**REQUIREMENT:** Every line of the listing that holds the word "image" should be returned.
Segment Open
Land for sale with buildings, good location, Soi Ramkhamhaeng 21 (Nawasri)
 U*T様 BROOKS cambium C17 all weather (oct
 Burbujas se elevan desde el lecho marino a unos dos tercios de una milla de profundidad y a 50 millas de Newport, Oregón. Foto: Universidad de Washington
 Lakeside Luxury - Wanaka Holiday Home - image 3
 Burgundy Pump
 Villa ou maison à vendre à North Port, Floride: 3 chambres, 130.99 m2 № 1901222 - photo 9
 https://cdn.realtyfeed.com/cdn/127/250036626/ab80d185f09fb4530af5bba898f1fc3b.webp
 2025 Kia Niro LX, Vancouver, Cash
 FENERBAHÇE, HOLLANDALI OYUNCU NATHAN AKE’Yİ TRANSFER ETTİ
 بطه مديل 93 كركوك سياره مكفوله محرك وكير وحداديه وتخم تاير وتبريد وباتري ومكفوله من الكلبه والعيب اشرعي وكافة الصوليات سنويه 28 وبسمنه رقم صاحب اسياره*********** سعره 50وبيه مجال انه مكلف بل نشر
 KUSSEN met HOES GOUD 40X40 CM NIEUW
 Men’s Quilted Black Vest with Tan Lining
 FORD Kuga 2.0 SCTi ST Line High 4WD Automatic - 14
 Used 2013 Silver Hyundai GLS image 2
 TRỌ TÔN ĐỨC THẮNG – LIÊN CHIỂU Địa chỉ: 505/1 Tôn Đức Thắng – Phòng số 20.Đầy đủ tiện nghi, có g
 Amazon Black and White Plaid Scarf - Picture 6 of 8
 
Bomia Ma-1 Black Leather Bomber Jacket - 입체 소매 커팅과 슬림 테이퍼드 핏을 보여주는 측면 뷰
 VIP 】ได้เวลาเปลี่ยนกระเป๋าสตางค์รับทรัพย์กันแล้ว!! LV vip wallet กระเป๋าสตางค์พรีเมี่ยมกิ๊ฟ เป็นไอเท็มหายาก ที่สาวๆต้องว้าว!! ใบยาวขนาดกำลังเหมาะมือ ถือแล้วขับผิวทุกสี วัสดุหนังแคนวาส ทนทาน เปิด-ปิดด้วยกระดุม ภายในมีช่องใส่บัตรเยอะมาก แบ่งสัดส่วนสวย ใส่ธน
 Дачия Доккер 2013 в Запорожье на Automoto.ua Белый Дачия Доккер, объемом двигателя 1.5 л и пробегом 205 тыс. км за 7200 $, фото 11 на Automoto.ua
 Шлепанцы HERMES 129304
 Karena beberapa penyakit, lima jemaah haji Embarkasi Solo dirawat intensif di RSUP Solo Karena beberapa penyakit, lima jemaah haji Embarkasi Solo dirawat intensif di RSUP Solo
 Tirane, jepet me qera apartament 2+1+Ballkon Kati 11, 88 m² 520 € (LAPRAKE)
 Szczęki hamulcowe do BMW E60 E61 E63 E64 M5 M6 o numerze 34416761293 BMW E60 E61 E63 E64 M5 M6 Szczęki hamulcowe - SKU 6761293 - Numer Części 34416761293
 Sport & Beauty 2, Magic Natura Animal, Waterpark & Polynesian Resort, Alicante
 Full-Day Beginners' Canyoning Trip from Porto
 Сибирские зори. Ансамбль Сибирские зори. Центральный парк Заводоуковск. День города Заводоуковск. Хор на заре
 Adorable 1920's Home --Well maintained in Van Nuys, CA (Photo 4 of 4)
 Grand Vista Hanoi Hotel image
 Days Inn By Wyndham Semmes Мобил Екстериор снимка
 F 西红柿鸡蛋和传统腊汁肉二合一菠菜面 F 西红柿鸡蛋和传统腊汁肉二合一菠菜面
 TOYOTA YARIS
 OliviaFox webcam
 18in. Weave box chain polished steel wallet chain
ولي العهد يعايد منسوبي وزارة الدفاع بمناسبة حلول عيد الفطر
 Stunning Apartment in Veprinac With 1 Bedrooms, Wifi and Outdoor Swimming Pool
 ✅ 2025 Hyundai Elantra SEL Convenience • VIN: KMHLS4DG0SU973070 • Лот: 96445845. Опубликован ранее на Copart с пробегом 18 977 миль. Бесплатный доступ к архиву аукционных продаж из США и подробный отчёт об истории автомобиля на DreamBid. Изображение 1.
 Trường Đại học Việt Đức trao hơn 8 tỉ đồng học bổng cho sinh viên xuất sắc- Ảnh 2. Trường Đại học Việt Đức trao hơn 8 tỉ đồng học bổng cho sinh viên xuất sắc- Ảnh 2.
Segment Closed
**ANSWER AREA:**
 Lakeside Luxury - Wanaka Holiday Home - image 3
 Used 2013 Silver Hyundai GLS image 2
 Grand Vista Hanoi Hotel image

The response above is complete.